Work required: For this exercise, output the entries below exactly from the line that holds "Amarrado a la" to the line that holds "رخال صنف64366834231299111", both ends included. No pictures belong in the copy.

Dataset excerpts:
☆ ☆ ☆ ☆ ☆

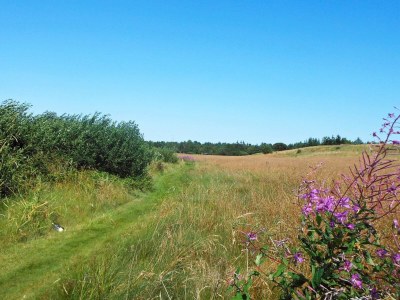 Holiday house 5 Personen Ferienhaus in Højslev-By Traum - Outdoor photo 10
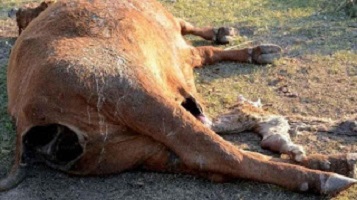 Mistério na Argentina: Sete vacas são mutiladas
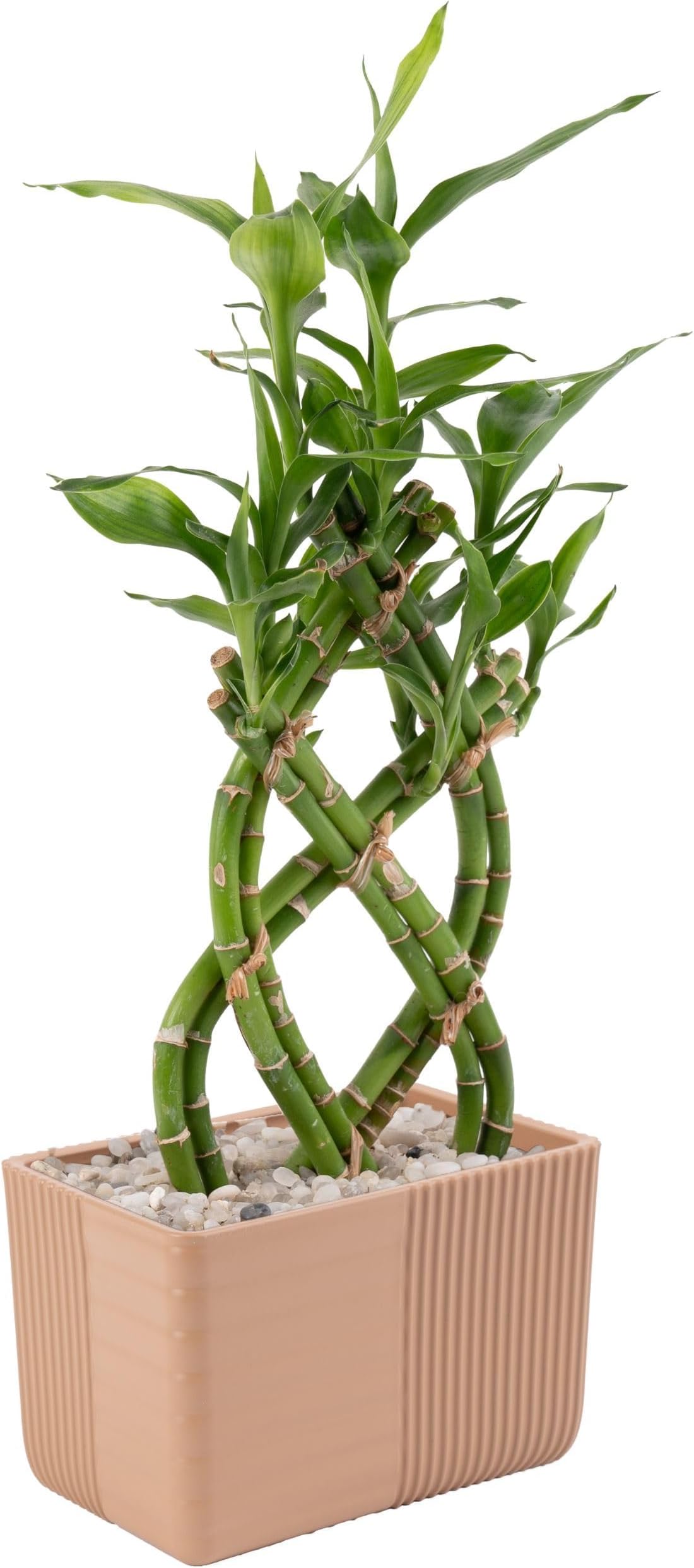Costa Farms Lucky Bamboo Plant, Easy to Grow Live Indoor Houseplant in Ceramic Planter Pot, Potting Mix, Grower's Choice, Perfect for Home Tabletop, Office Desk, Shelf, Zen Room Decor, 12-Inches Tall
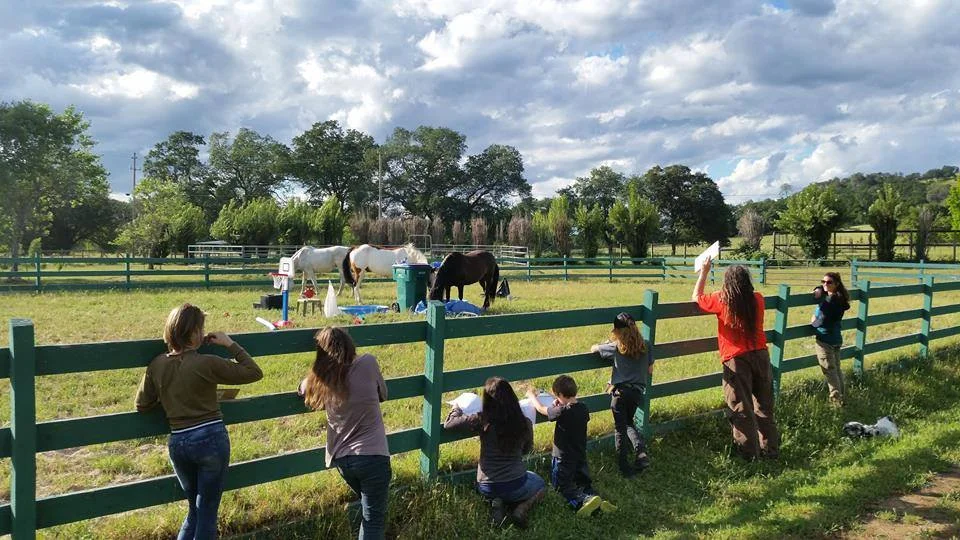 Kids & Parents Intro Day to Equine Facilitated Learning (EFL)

☆ ☆ ☆ ☆ ☆

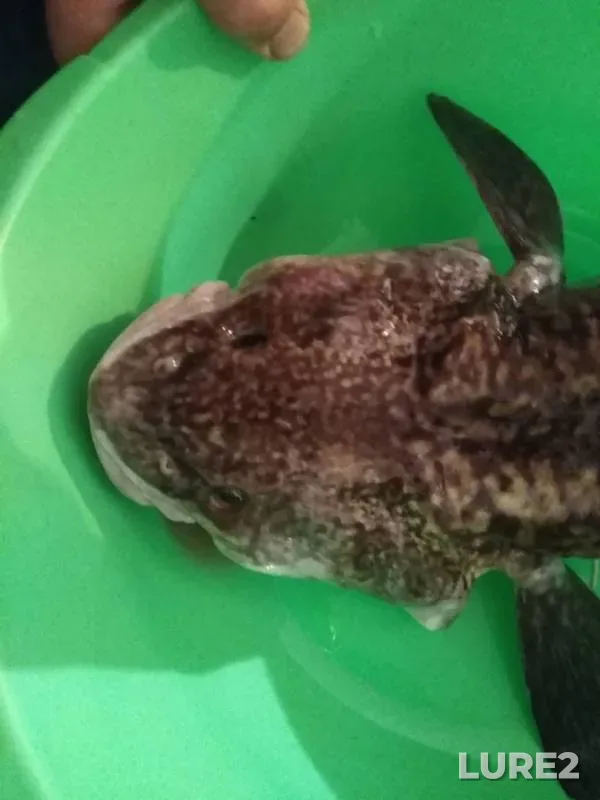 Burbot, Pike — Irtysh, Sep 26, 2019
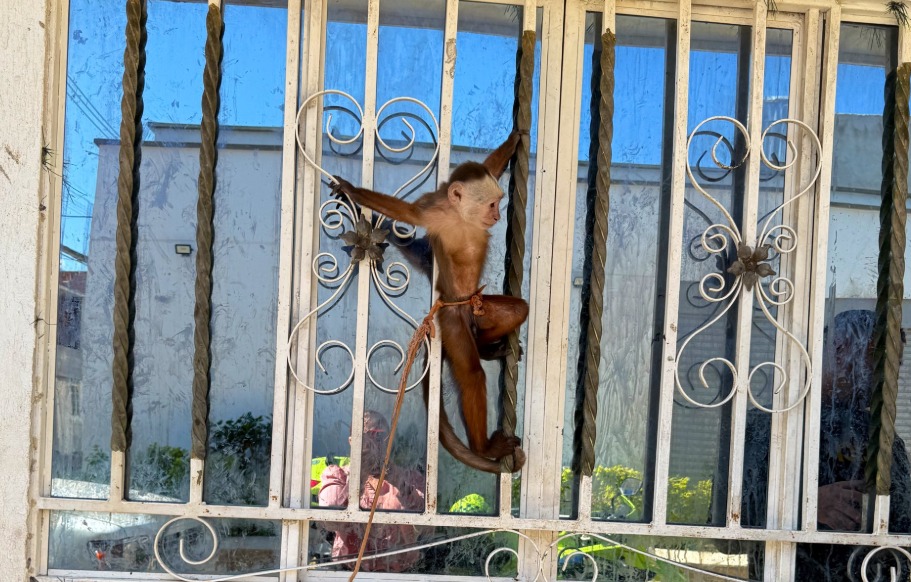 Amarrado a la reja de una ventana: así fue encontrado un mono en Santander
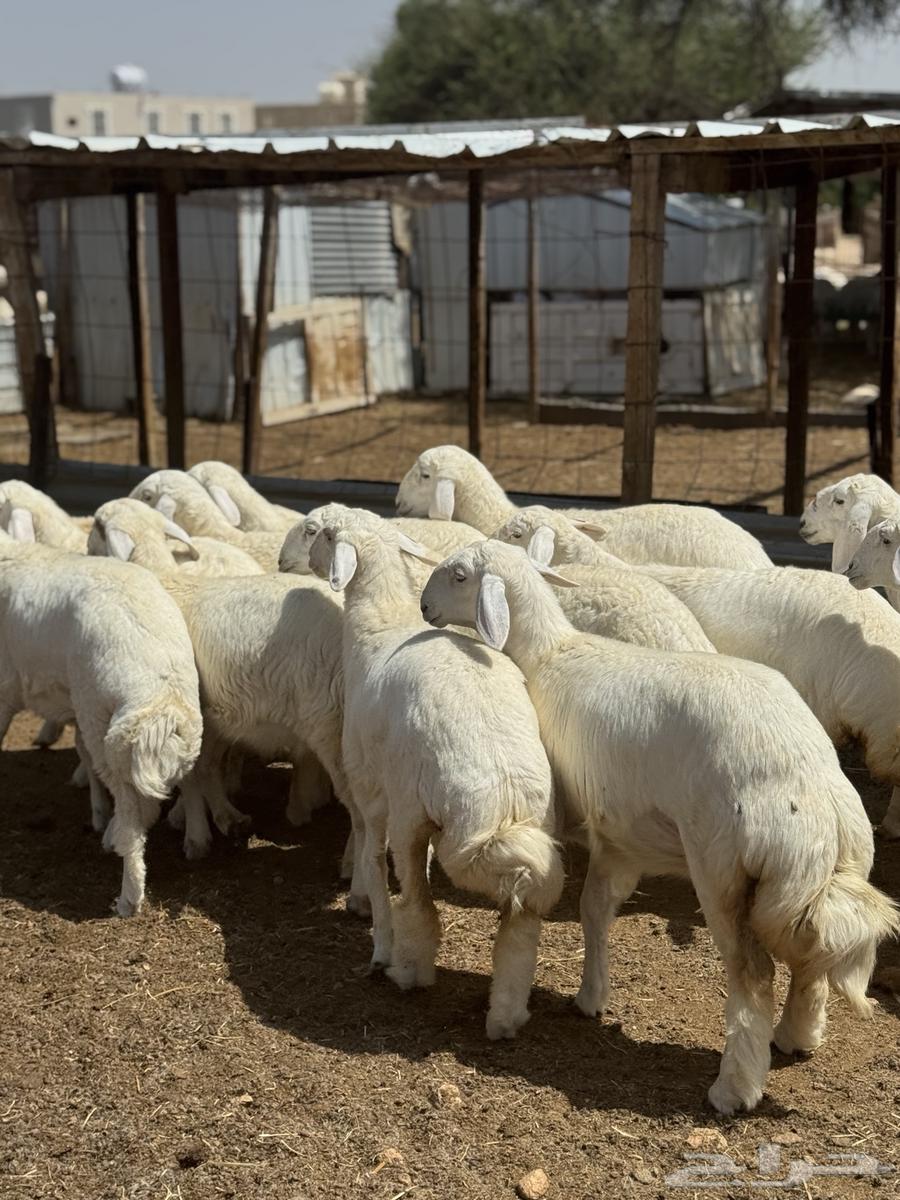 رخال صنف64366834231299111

☆ ☆ ☆ ☆ ☆

Written answer:
 Amarrado a la reja de una ventana: así fue encontrado un mono en Santander
 رخال صنف64366834231299111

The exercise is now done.